Gen. Selim Idriss, military chief of the main umbrella group of rebels and the man Sen. John McCain secretly met with inside Syria last weekend, said more than 50,000 residents of Qusair are trapped and a “massacre” would occur if the city fell.

Editorial / Washington Post

“The Obama administration has gotten some grim signals this week in response to its effort to ‘change the calculation’ of Syrian ruler Bashar al-Assad...

“Clearly, the strategy that Secretary of State John F. Kerry announced in February has failed. The idea was that the United States would, by providing additional support to the opposition, persuade the Assad clique that its cause was lost, opening the way to a negotiated process in which Mr. Assad would yield power. But Mr. Assad doesn’t believe he is losing – and he is not wrong in claiming that his fortunes have risen in the past several months....

“Meanwhile, the United States has yet to provide the rebels with the lethal aid it was said to be considering months ago. Nor has it taken any other substantial steps to strengthen them. Instead it has chosen to go along with a Russian proposal to convene another peace conference in Geneva....

“What’s (hard) to understand is why Mr. Kerry continues to vigorously pursue the conference, having failed to accomplish the necessary predicate of changing the balance of power on the ground. Unfortunately, the most plausible answer is that the administration has allowed itself to be played by Russian President Vladimir Putin, who is seeking to restore Moscow’s influence in the Middle East by thwarting the U.S. goal of regime change in Syria. Not for the first time, President Obama and his aides appear to have bet that Mr. Putin would turn on Mr. Assad and help force him from power. In doing so, they have fundamentally misread the Russian ruler and his intentions.

“As we have written previously, the only hope for an acceptable political settlement in Syria lies in an intervention that would decisively shift the balance of Syria’s war – through arms supplies to the rebels and airstrikes to eliminate the regime’s air power. If Mr. Obama is unwilling to take such steps, he ought also to eschew diplomacy that makes his administration appear foolish as well as weak.”

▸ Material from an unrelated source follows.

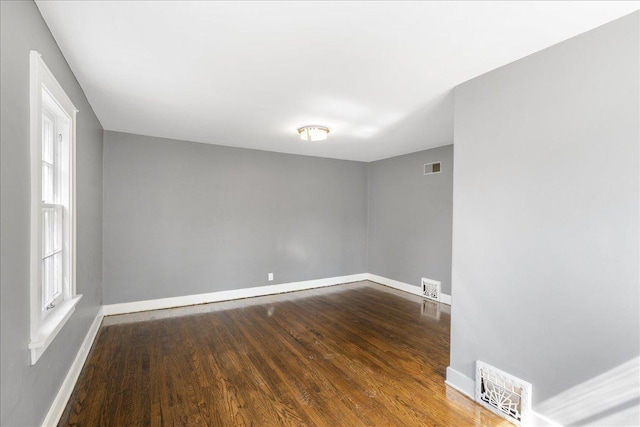 spare room with dark wood-style flooring, visible vents, and baseboards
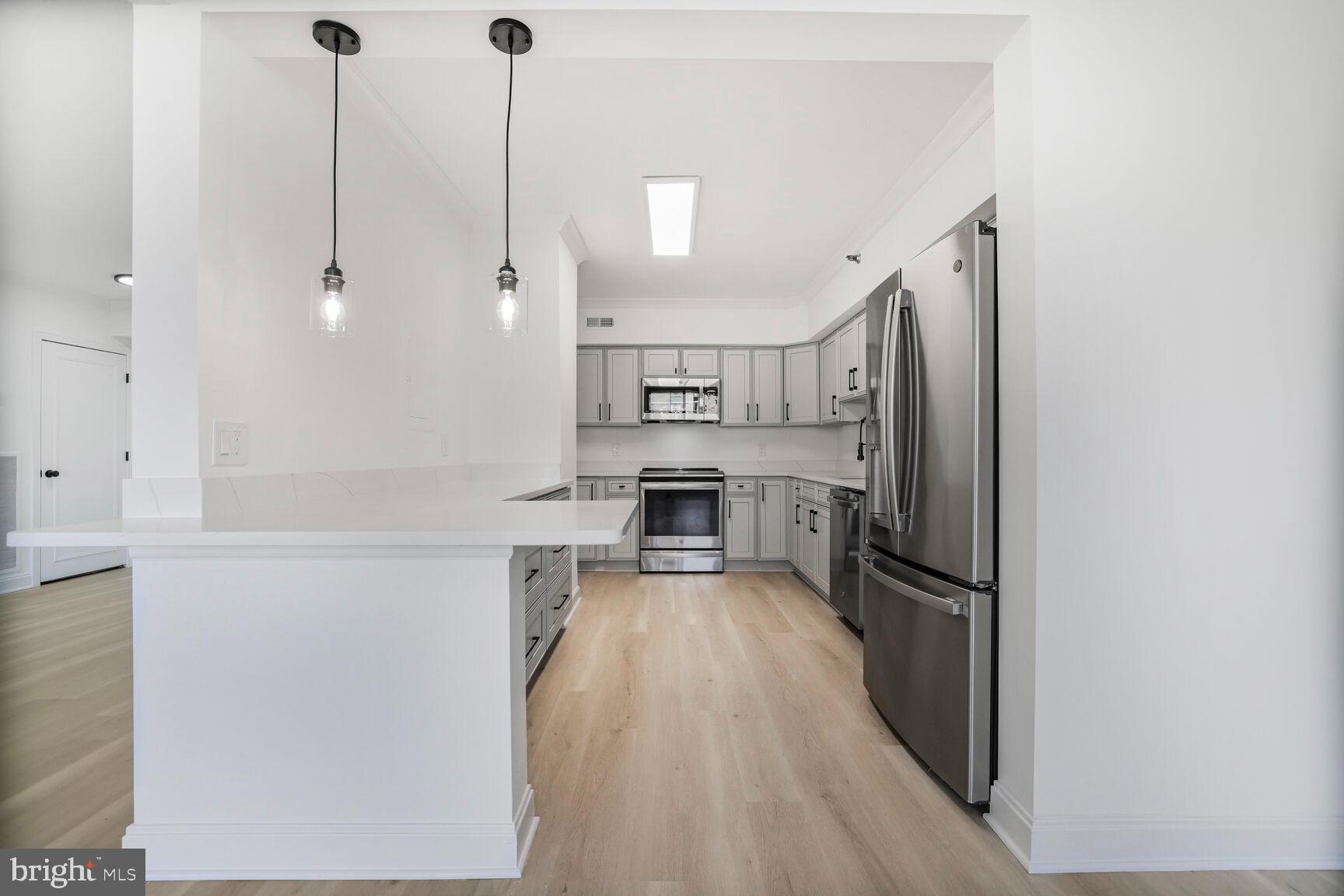 4550 North Park Avenue, Unit 707 Chevy Chase, MD 20815 - Photo 6 of 15 a kitchen with stainless steel appliances a refrigerator and a stove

Regarding the opposition, Michael Young / Daily Star

“We are near the stage where the Syrian opposition, thanks to an effective campaign by the Syrian regime and its allies, but also a pervasive lack of unity or direction, may lose much of the support it needs to defeat President Bashar Assad’s regime. Nor has the opposition grasped the deepening anxiety in neighboring countries who fear being destabilized by the conflict in Syria....

“Meanwhile, the opposition has yet to decide whether it will be present in Geneva. A refusal to attend risks alienating the opposition’s supporters in the West.   If it accepts, Geneva could prove to be its undoing, given the likely internal discord over what is agreed. Worse, there are no guarantees the National Coalition has much influence inside Syria, and Geneva may only highlight this if the groups on the ground reject political arrangements reached at the conference.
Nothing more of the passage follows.